Data-driven prediction and optimization of nanocellulose yield in deep eutectic solvent

Nanocellulose possesses exceptional mechanical, functional, and environmental properties, while its sustainable production from biomass is limited by the complexity of solvent systems and processing conditions. Deep eutectic solvents (DES) offer a promising green alternative to traditional pretreatments. However, there is still a lack of systematic understanding of the factors that determine yield and the optimal operating conditions. This study introduces an integrated machine learning and optimization framework to predict and optimize the nanocellulose yield from DES-treated biomass. A curated dataset of 367 experimental samples from 34 studies was used to train an XGBoost model, which outperformed linear regression and neural networks in terms of root mean squared error (RMSE), mean absolute error (MAE), and R-squared.

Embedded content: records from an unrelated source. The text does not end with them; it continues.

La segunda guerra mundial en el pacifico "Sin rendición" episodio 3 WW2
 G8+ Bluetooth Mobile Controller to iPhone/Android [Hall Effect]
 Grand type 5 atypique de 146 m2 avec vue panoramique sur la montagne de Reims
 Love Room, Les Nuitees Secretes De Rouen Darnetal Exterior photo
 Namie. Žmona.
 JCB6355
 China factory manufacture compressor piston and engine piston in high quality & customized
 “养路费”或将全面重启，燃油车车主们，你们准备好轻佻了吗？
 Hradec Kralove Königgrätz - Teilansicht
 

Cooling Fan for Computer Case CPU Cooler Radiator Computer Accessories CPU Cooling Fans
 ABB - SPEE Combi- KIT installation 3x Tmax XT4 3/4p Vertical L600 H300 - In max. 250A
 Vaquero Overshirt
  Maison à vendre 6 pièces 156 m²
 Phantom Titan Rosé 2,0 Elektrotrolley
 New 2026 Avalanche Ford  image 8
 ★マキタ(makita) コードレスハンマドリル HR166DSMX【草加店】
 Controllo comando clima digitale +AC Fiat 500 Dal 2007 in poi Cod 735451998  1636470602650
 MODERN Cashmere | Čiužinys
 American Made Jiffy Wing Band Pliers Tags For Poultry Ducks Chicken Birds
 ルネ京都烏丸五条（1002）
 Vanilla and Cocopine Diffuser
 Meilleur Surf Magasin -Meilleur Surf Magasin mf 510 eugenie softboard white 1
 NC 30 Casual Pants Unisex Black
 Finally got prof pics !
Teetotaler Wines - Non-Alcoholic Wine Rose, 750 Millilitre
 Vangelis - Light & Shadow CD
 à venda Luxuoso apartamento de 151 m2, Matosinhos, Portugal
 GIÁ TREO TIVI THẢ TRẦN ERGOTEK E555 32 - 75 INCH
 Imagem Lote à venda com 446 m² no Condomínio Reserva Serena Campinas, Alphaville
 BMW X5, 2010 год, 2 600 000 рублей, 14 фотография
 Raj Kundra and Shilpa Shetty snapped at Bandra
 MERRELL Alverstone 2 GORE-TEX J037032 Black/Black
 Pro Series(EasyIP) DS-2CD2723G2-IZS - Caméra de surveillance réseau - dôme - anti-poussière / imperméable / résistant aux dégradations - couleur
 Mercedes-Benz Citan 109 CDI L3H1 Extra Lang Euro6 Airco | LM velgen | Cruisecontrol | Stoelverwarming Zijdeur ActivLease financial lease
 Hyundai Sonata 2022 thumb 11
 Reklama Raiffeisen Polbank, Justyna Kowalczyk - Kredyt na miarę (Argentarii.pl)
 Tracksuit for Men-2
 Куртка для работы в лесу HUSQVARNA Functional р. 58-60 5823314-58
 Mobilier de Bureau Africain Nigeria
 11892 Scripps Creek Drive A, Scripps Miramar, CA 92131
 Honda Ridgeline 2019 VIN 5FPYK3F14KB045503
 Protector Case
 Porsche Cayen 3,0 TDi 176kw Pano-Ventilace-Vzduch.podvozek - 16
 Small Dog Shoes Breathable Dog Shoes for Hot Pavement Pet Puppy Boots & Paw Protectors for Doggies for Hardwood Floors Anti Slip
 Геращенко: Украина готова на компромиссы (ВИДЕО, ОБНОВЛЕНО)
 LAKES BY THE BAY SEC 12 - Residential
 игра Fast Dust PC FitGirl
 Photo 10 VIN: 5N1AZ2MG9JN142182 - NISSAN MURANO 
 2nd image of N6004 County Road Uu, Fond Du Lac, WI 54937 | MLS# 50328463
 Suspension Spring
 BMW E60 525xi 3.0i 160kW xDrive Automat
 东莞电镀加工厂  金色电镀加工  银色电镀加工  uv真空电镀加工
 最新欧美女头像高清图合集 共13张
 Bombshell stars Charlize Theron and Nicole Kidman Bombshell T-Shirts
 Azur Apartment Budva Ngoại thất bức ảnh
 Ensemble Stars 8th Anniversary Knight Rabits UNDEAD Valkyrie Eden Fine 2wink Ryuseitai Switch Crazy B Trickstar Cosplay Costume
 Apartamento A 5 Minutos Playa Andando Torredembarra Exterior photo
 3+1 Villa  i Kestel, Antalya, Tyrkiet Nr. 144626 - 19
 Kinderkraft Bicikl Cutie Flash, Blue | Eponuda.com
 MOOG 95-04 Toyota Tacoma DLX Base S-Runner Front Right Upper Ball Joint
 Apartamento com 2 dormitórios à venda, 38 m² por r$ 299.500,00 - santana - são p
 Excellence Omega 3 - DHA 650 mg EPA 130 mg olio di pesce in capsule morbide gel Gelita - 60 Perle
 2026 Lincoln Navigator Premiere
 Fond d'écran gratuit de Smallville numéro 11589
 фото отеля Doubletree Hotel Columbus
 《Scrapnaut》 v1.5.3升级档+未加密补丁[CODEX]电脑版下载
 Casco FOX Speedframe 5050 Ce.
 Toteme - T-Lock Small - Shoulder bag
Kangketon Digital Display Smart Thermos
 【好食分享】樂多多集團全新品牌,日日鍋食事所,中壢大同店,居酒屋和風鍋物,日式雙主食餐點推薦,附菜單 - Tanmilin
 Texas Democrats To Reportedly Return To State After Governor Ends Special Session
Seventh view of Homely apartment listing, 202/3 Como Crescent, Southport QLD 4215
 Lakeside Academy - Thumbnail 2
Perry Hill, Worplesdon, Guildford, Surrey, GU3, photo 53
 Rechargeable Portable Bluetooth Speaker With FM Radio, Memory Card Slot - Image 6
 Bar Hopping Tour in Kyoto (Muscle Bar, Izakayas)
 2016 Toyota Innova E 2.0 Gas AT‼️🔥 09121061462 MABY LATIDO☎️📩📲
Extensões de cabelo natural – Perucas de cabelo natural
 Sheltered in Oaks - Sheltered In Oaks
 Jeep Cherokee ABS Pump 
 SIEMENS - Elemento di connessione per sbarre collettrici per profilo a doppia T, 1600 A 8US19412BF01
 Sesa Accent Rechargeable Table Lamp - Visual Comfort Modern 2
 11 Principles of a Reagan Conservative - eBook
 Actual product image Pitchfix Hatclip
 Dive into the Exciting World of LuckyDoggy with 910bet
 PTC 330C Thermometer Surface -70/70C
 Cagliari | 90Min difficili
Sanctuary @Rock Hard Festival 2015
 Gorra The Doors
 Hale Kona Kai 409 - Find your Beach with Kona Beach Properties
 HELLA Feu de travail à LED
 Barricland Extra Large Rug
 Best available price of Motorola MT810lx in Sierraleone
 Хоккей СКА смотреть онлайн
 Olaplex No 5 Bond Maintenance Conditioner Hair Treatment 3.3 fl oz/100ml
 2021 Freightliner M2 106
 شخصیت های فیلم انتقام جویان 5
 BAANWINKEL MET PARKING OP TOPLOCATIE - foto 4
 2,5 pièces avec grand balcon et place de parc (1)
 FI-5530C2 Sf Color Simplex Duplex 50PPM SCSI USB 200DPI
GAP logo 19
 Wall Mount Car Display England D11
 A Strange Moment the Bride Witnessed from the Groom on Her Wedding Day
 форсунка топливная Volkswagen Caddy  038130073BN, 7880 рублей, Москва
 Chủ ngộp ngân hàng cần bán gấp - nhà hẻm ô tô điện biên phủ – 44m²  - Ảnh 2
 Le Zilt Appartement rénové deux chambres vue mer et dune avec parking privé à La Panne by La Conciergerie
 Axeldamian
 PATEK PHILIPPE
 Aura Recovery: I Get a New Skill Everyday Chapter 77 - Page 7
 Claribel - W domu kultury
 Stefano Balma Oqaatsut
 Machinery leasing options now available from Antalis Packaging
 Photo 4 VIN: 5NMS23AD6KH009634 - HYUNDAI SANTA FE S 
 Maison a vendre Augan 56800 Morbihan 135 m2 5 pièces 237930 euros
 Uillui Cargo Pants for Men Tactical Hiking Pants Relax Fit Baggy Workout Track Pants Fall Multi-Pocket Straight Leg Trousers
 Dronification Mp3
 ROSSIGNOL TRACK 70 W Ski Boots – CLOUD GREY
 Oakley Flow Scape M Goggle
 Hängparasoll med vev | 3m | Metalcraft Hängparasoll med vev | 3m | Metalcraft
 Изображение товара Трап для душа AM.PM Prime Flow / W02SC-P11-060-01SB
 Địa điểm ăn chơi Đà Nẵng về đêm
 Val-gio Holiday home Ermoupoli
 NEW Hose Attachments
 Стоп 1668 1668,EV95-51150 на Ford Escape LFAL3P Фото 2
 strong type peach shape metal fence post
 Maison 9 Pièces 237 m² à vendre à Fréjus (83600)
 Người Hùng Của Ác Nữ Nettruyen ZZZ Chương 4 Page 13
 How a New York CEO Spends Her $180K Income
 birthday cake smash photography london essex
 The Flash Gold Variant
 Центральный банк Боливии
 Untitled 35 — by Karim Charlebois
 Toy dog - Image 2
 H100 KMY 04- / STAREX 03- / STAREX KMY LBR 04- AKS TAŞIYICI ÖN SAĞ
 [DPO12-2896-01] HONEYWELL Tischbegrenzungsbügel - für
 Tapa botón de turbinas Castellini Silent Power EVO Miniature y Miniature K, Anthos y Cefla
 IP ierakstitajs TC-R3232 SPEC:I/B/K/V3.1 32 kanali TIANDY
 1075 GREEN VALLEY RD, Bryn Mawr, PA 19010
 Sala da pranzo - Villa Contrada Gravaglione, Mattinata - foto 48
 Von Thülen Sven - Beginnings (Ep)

Model interpretation using SHAP identified mechanical treatment, temperature, feedstock purity, and primary HBD chemistry as the key factors influencing yield. The study also determined optimal ranges for feedstock ratios and reaction temperature. By integrating the trained model with the NSGA-II algorithm, a set of Pareto-optimal conditions was identified that balance high yield with reduced processing time. These optimal feature values align with established physicochemical knowledge and offer decision support for accelerating green nanocellulose production. This work demonstrates the potential of AI-driven methods to transform static empirical datasets into predictive and decision-support tools for sustainable materials engineering.